◆ **Given material**
☆ ☆ ☆ ☆ ☆

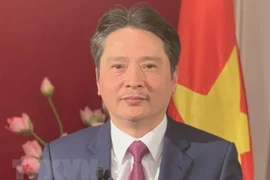 Vietnam-Algérie : volonté commune de renforcer leurs relations économiques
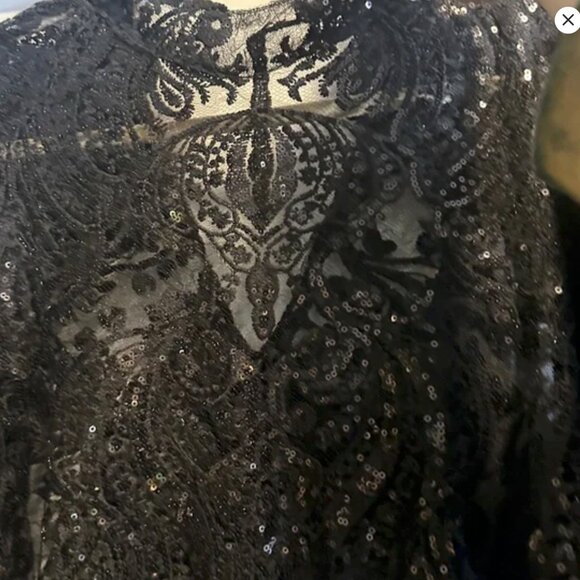 Eloquii Embellished Victorian Gothic Dress - Tortured Poets Society Vibe SZ 20 - Picture 5 of 5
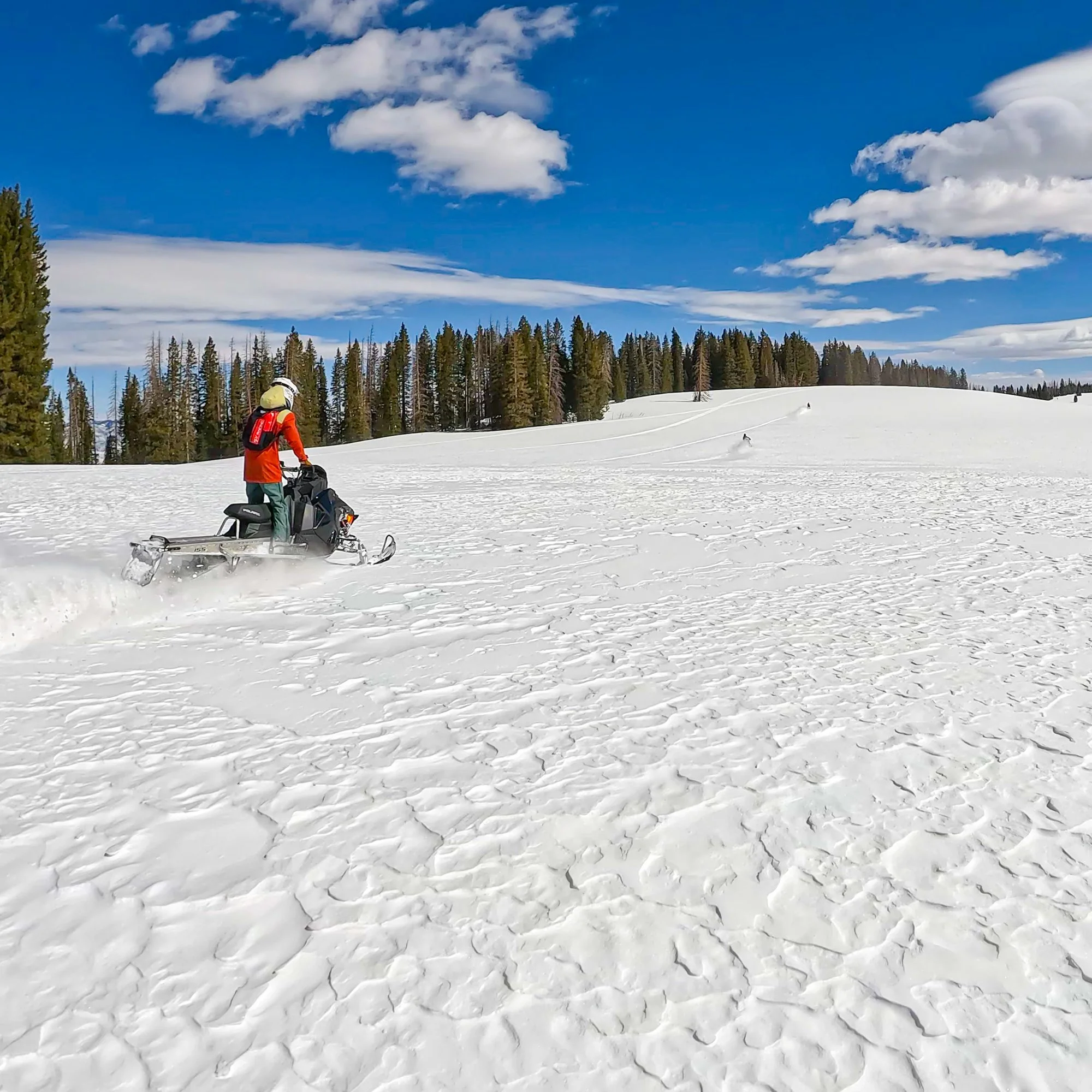 スノーボード towsey Snowmobile/ATV — TowWhee - Bungee Tow Strap Bike Trailer and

☆ ☆ ☆ ☆ ☆

◆ **Problem details**
Copy every line of the data word for word, omitting the images.

◆ **Completed exercise**
 Vietnam-Algérie : volonté commune de renforcer leurs relations économiques
 Eloquii Embellished Victorian Gothic Dress - Tortured Poets Society Vibe SZ 20 - Picture 5 of 5
 スノーボード towsey Snowmobile/ATV — TowWhee - Bungee Tow Strap Bike Trailer and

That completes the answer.